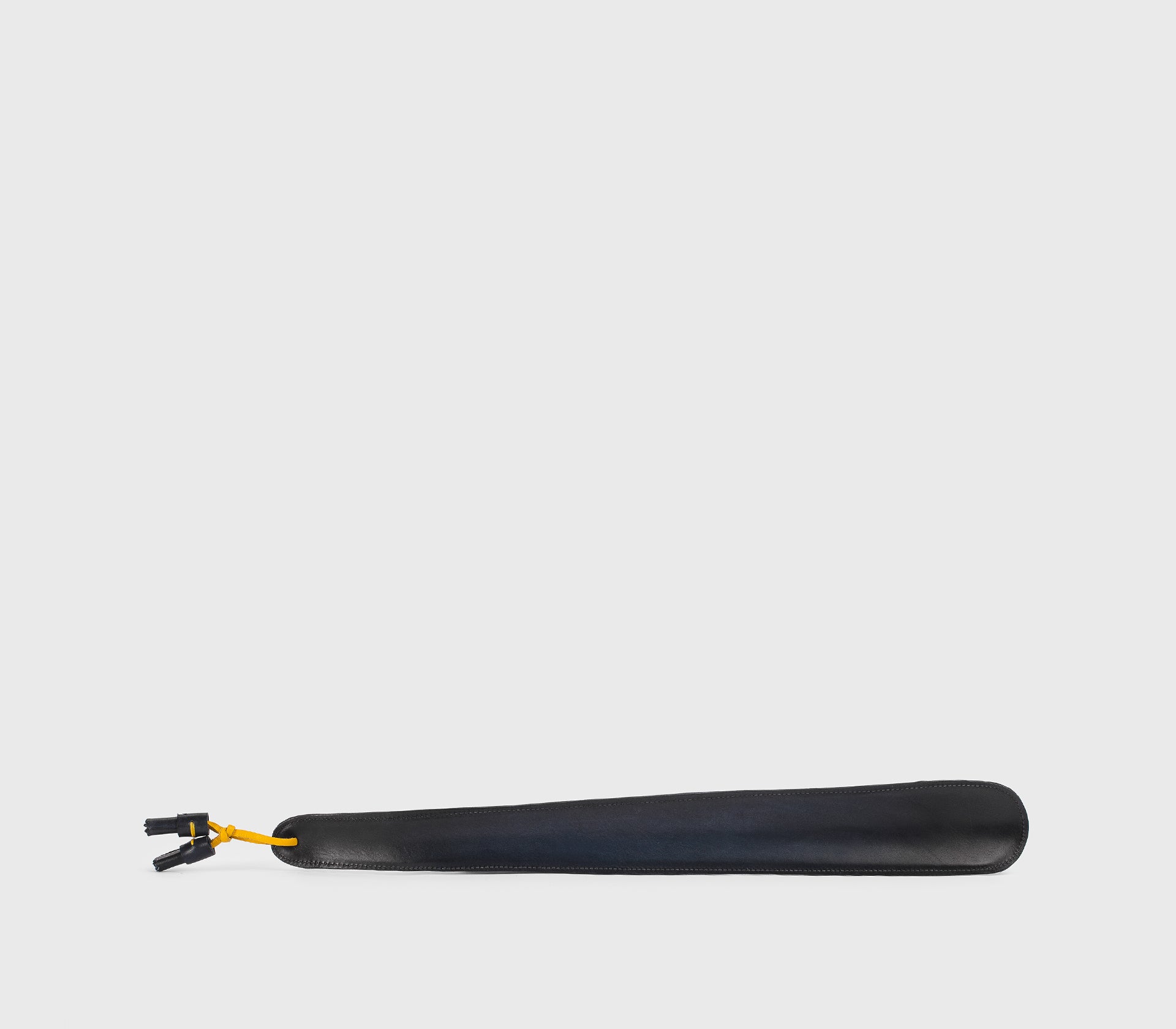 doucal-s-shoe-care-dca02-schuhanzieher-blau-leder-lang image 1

--------

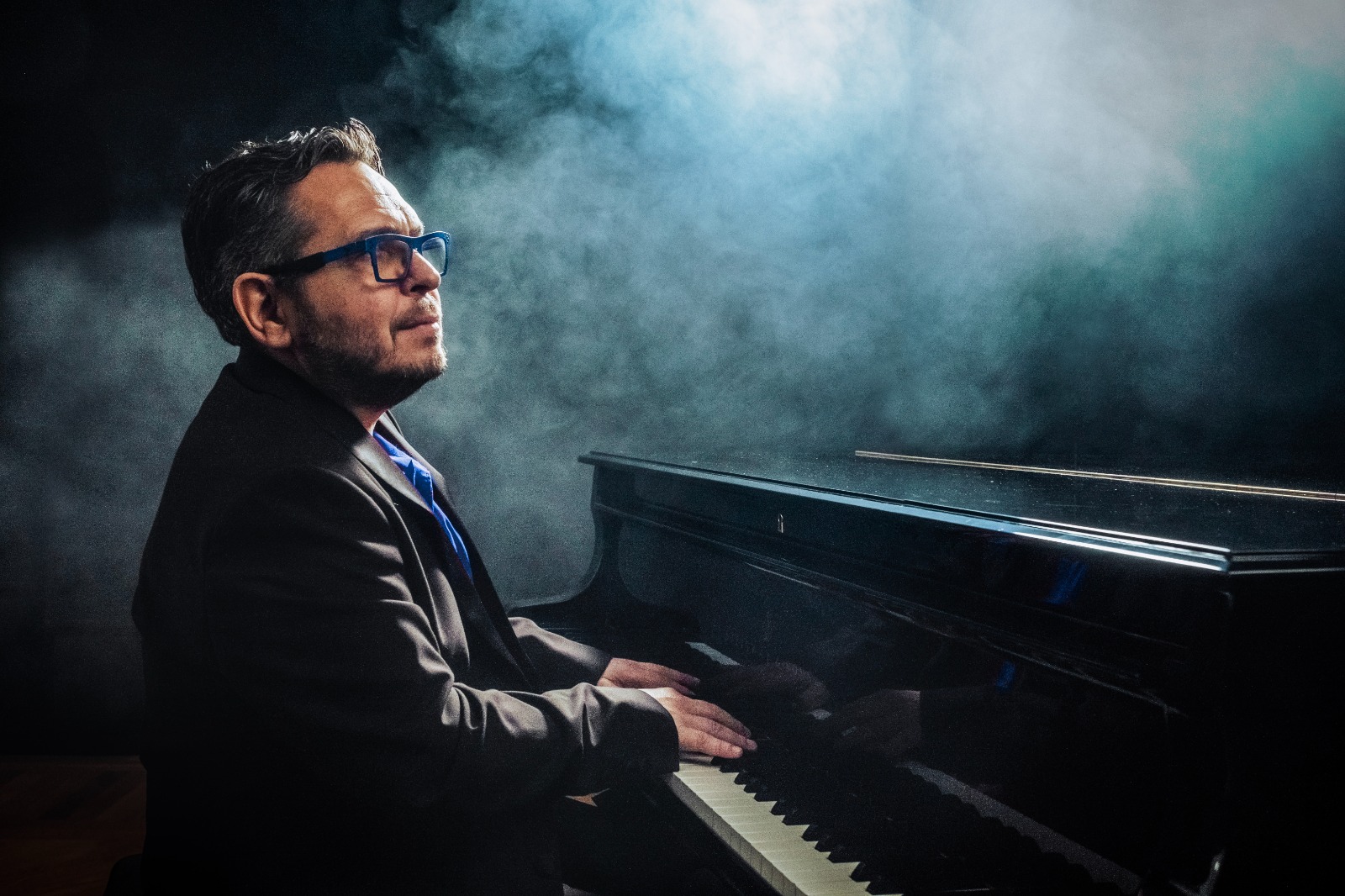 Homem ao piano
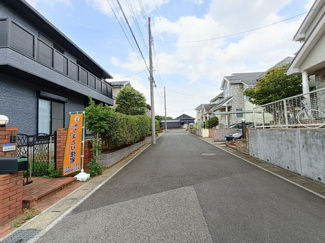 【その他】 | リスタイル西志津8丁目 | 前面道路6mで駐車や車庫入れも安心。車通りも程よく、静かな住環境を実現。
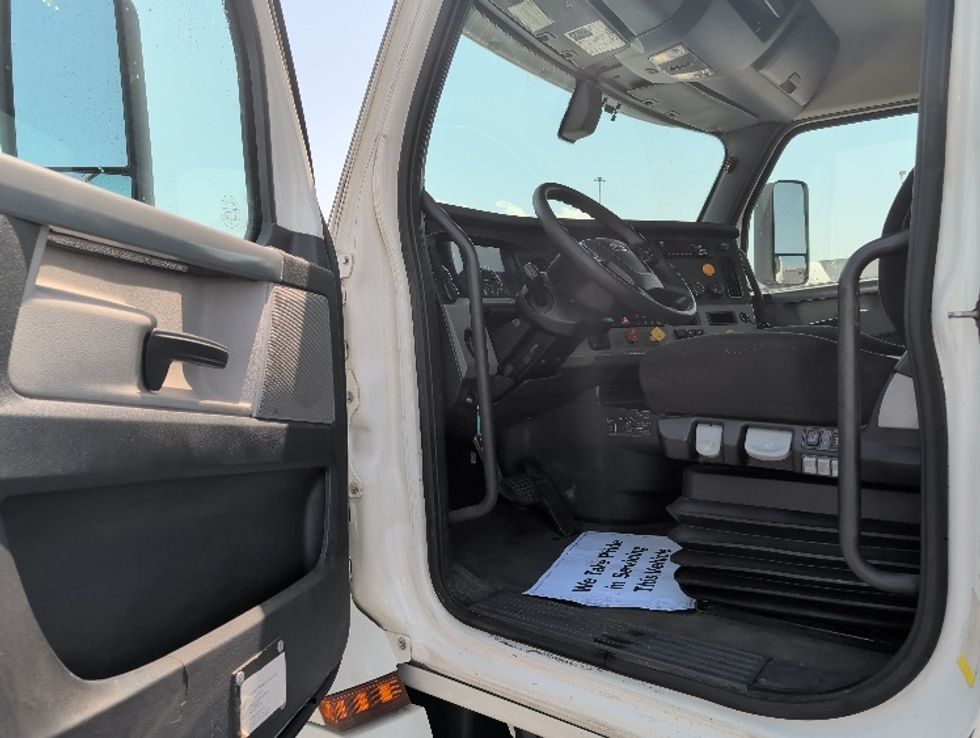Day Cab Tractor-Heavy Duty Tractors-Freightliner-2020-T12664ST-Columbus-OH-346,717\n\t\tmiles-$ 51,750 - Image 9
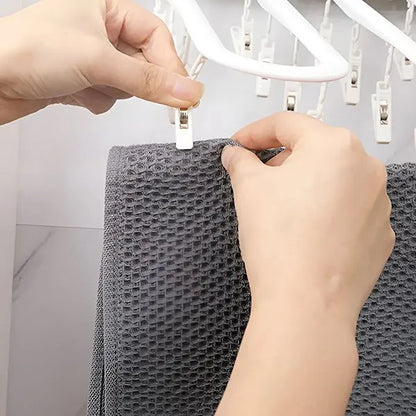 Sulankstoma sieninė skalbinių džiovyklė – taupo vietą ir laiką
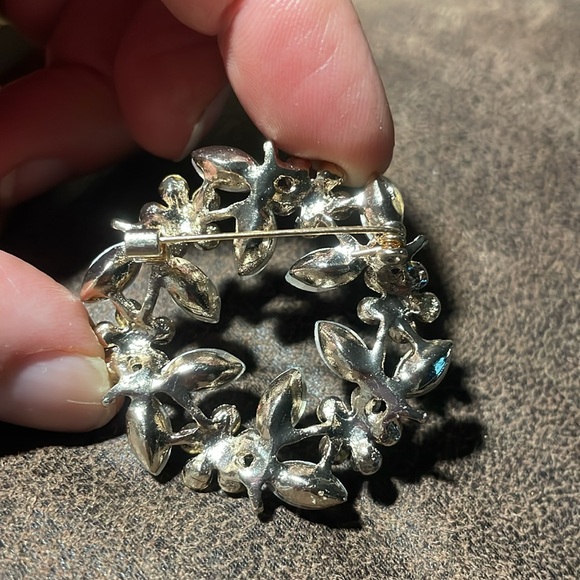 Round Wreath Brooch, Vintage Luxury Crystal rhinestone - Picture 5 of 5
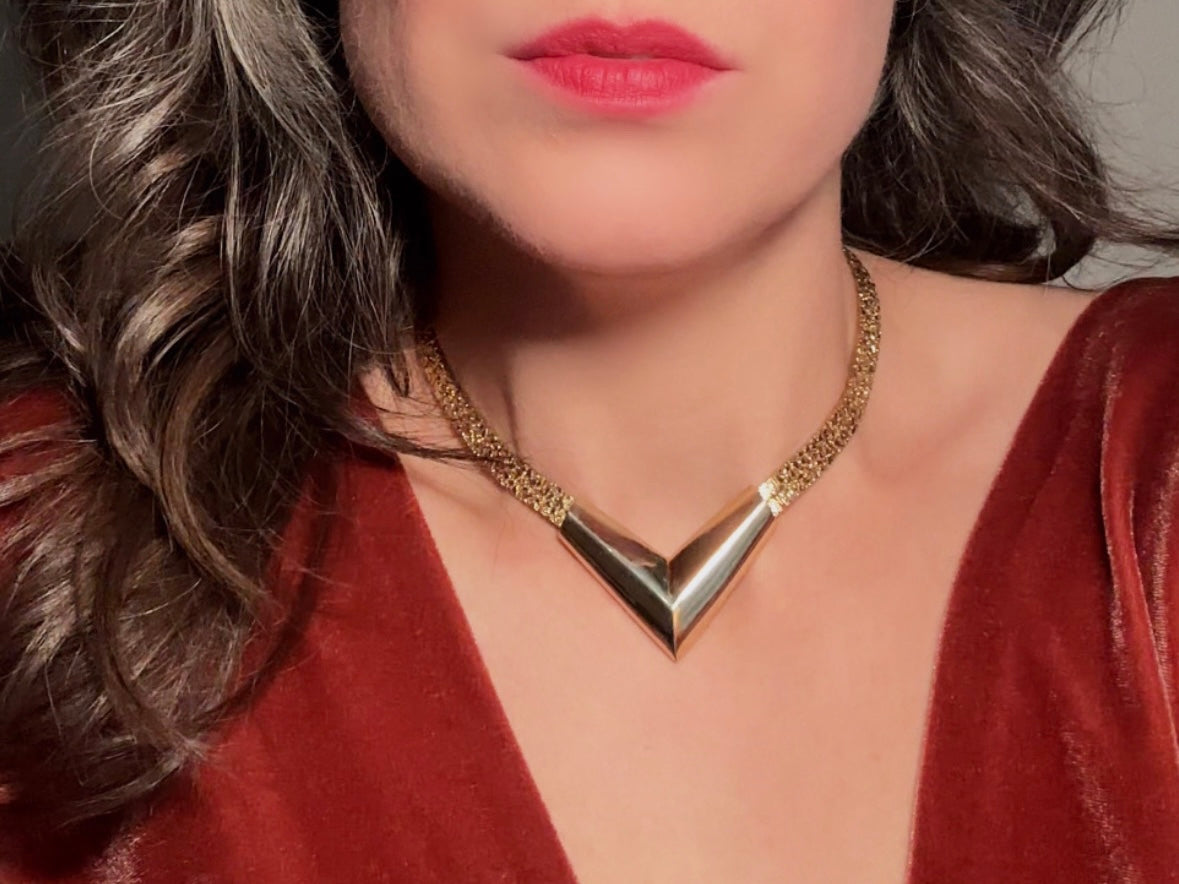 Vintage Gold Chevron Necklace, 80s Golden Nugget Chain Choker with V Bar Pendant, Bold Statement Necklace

--------

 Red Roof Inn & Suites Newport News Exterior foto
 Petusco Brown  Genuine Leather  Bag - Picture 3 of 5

--------

### What to do
Print from the line containing "リスタイル西志津8丁目 | 前面道路6mで駐車や車庫入れも安心。車通りも程よく、静かな住環境を実現。" through the line containing "Sulankstoma sieninė skalbinių" in the data above, exactly as the lines stand, and omit every picture.

### Task result
 【その他】 | リスタイル西志津8丁目 | 前面道路6mで駐車や車庫入れも安心。車通りも程よく、静かな住環境を実現。
Day Cab Tractor-Heavy Duty Tractors-Freightliner-2020-T12664ST-Columbus-OH-346,717\n\t\tmiles-$ 51,750 - Image 9
 Sulankstoma sieninė skalbinių džiovyklė – taupo vietą ir laiką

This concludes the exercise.